[Stored data entries]
- - -
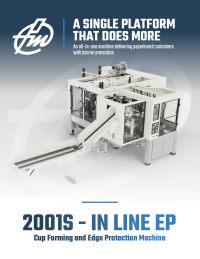 Specification Sheet for 2001S In-Line Edge Protection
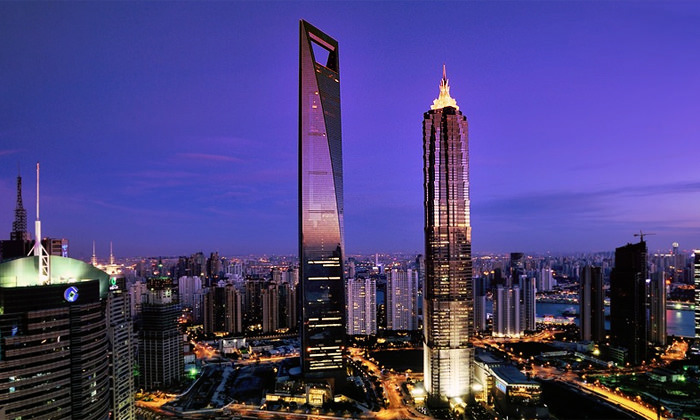 Breathtaking Skyscrapers Around The World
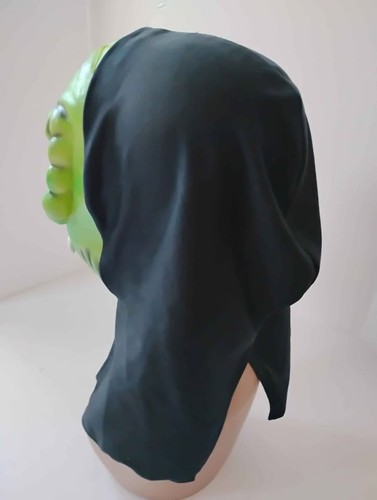 Ghoulish Scary Halloween Masks with 3D Hologram Eyes High Qualit - Picture 9 of 18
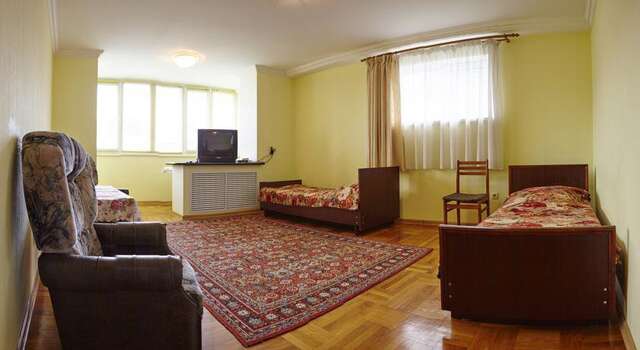 Апартаменты Apartaments on Shirokaya 36 Кисловодск-28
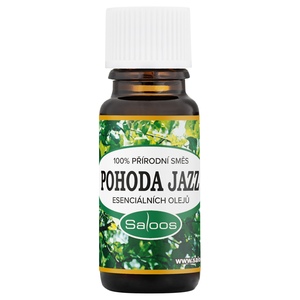 Saloos Pohoda jazz 10 ml Saloos Pohoda jazz 10 ml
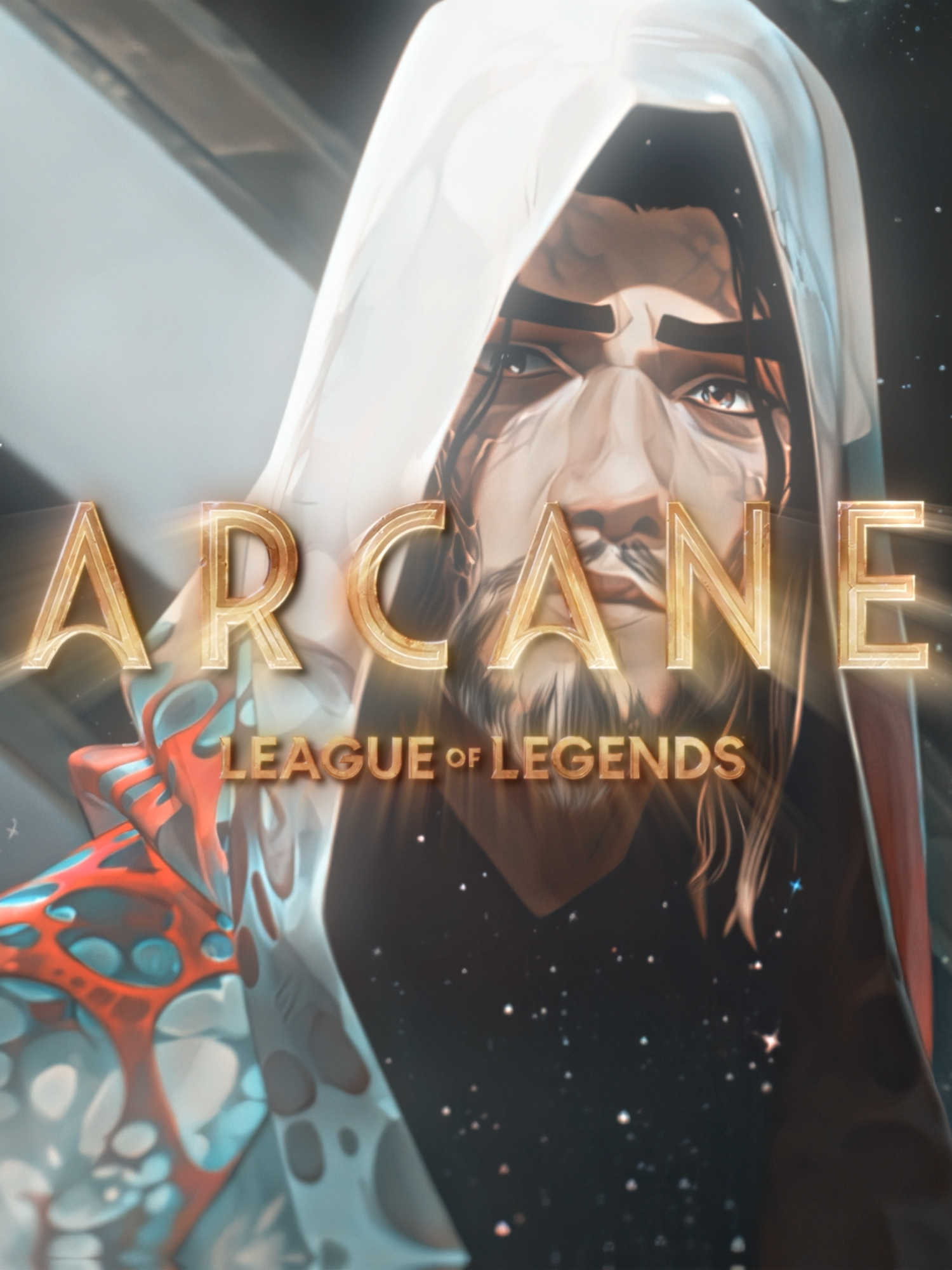 The beauty of Arcane - Arcane Tribute | Sidewalks and Skeletons - Goth - #Arcane #Jinx #leagueoflegends #vi #aftereffects #fyp #jinxedit #arcaneedit #fypage #foryoupage #shorts #edits #edit #arcanetribute #arcaneseason2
- - -
> **PROBLEM REQUIREMENTS**
The entries above are to be restated verbatim, with no pictures carried over.

> **SOLUTION FOR THIS EXERCISE**
 Specification Sheet for 2001S In-Line Edge Protection
 Breathtaking Skyscrapers Around The World
 Ghoulish Scary Halloween Masks with 3D Hologram Eyes High Qualit - Picture 9 of 18
 Апартаменты Apartaments on Shirokaya 36 Кисловодск-28
 Saloos Pohoda jazz 10 ml Saloos Pohoda jazz 10 ml
 The beauty of Arcane - Arcane Tribute | Sidewalks and Skeletons - Goth - #Arcane #Jinx #leagueoflegends #vi #aftereffects #fyp #jinxedit #arcaneedit #fypage #foryoupage #shorts #edits #edit #arcanetribute #arcaneseason2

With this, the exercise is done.